At Cape Raoul's tip - the peninsula's southernmost point - I'm struck by the sense that I've arrived at the end of the world. The land dives into the sea in columns of rock and the barking of fur seals rises on the wind. Across the sea, Tasman Island resembles an animal wallowing in the water.

To reach the third of the capes, Cape Pillar, on foot requires two days of walking from Fortescue Bay. We'll see it by boat instead, a mode not out of keeping with the spirit of the Three Capes Walk, which will incorporate two boat transfers.

From Pirates Bay, the Tasman Island Cruises boat skims south along the cliffs, nosing into sea caves and brushing past sea stacks. At Cape Hauy, we edge in against the cliffs, craning our necks to stare up at the Totem Pole. At times, rock climbers can be seen clinging to this 60-metre-high finger of dolerite, but this morning there's only a little penguin fishing through the water at its base.
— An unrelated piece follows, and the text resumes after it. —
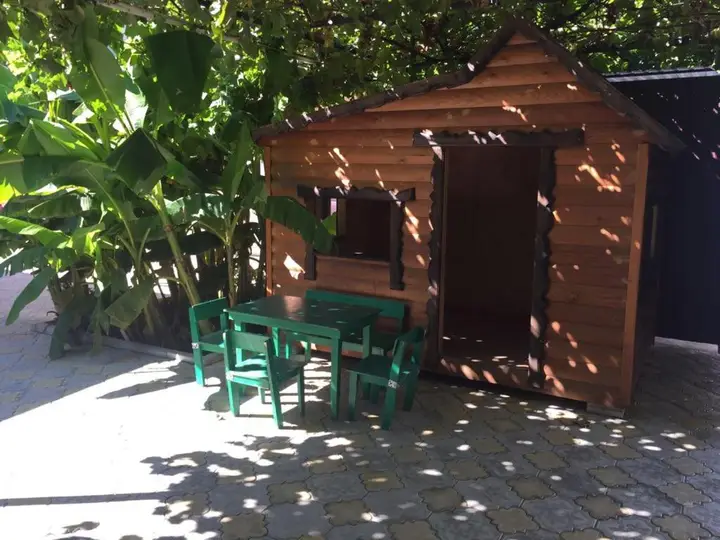 Анапа: Guest House Nikos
Further south, off Tasman Island, a sudden swell rolls under the boat as we pop out from the cover of the peninsula. Australia's second-highest lighthouse peers down from atop the island's cliffs, and shy albatrosses circle, their wings seeming to carve at the sea. In the water, a fur seal plays with its lunch, tossing a fish across the surface of the ocean. Dolphins ripple by in the distance.
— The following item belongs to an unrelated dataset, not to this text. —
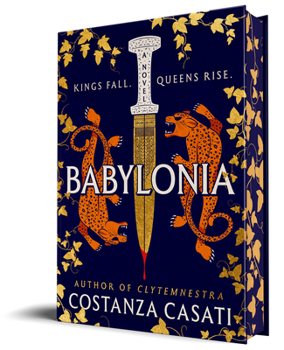 Hardcover Babylonia Book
Behind us, the dolerite cliffs of Cape Pillar rise like a forest in stone, seeming almost to scrape at the sky. It's here, at the tip of this final cape, that the Tasman Peninsula cliffs reach their highest point, creating a scene worthy of any great highway, but happily with nothing of the sort.

Andrew Bain travelled courtesy of Tasmanian Expeditions.


Getting there The Tasman Peninsula is about an hour's drive from Hobart. Hobart is served by Virgin Australia, Qantas, Jetstar and Tiger Airways.

Touring there Tasmanian Expeditions runs a three-day Three Capes Walk and Tasman Peninsula trip, departing from Hobart. It includes hikes to Cape Hauy and Cape Raoul, a boat trip around Cape Pillar, and a visit to Port Arthur. The trip costs $1095; see tasmanianexpeditions.com.au.

More information parks.tas.gov.au


The Three Capes Walk has some stiff competition in its claim to become Australia's premier coastal walk. Here are five of the best:

Great Ocean Walk (Victoria) This 96-kilometre walk personalises Australia's most famous scenic road, reaching from Apollo Bay to within sight of the Twelve Apostles.

Thorsborne Trail (Queensland) Tropical perfection on Hinchinbrook Island, flitting for 32 kilometres between beaches, waterfalls and a variety of forest.

Cape to Cape Track (WA) Immerse yourself among wine and whales as you wander 133 kilometres of Margaret River coastline.

South Coast Track (Tasmania) Wild coast and equally wild mountain ranges along Tasmania's south-west shores.

The Coast Track (NSW) Walk 26 kilometres of sandstone cliffs nibbled with beaches in the Royal National Park.